In the listing below, which lines contain the string "Blue"? Copy them all.

###

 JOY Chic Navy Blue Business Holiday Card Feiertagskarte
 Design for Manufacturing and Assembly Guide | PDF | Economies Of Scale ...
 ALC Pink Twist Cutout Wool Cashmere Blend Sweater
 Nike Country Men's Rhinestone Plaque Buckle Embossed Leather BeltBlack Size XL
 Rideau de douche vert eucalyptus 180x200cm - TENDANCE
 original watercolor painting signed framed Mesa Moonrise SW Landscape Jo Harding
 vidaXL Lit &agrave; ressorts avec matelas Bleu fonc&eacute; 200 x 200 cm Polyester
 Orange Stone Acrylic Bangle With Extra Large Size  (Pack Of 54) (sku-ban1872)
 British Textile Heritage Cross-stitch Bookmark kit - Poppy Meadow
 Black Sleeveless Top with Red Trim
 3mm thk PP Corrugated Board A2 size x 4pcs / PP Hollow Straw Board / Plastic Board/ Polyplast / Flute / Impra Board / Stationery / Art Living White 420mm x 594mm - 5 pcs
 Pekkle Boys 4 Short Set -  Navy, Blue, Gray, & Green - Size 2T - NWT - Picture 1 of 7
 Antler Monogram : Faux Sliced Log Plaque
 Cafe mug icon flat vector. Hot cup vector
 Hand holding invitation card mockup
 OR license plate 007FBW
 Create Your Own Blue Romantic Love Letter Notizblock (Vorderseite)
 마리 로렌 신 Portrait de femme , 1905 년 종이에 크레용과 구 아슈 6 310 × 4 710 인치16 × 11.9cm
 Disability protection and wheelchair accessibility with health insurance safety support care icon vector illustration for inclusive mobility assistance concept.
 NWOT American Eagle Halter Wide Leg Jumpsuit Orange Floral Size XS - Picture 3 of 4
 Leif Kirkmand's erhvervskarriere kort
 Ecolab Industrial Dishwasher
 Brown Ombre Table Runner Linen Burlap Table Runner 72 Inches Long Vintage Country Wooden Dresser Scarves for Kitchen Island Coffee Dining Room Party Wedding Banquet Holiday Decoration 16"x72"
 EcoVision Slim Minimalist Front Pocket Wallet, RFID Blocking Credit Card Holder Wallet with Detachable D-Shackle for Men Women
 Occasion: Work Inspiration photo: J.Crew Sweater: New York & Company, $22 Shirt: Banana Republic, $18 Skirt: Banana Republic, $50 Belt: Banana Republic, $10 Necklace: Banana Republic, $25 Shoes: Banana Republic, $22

###

Response -
 JOY Chic Navy Blue Business Holiday Card Feiertagskarte
 Pekkle Boys 4 Short Set -  Navy, Blue, Gray, & Green - Size 2T - NWT - Picture 1 of 7
 Create Your Own Blue Romantic Love Letter Notizblock (Vorderseite)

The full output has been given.